## SOURCE RECORDS
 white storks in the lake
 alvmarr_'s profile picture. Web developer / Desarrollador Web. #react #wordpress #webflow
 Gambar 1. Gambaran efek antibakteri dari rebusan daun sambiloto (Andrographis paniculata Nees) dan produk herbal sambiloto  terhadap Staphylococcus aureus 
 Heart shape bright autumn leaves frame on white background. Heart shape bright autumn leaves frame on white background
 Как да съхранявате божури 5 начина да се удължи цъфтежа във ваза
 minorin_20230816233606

==

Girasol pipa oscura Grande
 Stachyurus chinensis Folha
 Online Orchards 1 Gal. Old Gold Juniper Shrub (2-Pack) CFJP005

## ACTIVITY
Answer with a number alone: how many lines of the records contain the string "white"?

## WRITTEN ANSWER
2